Segment Start: Listed entries
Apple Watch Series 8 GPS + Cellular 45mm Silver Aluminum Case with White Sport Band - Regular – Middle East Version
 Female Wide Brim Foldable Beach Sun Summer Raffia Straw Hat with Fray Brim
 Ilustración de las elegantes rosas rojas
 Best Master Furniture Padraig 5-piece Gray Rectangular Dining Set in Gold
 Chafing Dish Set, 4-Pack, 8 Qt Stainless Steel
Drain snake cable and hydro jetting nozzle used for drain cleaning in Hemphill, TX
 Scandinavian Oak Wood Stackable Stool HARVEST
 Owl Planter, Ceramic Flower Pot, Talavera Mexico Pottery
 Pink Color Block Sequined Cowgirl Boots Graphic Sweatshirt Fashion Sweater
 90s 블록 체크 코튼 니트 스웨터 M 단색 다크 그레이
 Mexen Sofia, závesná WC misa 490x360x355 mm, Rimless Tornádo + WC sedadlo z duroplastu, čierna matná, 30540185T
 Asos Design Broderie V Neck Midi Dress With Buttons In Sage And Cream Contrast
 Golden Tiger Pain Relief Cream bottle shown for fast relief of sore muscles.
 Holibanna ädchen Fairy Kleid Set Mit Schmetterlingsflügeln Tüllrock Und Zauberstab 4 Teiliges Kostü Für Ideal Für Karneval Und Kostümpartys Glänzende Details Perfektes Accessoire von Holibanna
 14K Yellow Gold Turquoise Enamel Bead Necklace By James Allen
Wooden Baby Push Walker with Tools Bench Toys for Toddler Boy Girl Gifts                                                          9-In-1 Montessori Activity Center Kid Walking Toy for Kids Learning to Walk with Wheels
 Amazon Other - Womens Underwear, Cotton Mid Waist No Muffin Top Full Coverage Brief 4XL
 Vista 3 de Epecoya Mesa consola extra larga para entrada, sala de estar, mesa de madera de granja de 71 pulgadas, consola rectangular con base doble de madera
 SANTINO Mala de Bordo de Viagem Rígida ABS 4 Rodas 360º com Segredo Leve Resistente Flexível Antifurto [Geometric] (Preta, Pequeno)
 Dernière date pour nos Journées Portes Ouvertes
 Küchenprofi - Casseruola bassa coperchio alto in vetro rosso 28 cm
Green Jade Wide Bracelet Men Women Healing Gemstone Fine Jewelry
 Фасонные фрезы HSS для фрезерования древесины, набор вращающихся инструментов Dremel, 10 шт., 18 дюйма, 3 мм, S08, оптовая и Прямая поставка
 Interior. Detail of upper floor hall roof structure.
Segment End: Listed entries
** Exercise brief **
Your answer should consist solely of the lines from the one containing "Green Jade Wide" through the last line of the listing, written out word for word.

** Completed task **
Green Jade Wide Bracelet Men Women Healing Gemstone Fine Jewelry
 Фасонные фрезы HSS для фрезерования древесины, набор вращающихся инструментов Dremel, 10 шт., 18 дюйма, 3 мм, S08, оптовая и Прямая поставка
 Interior. Detail of upper floor hall roof structure.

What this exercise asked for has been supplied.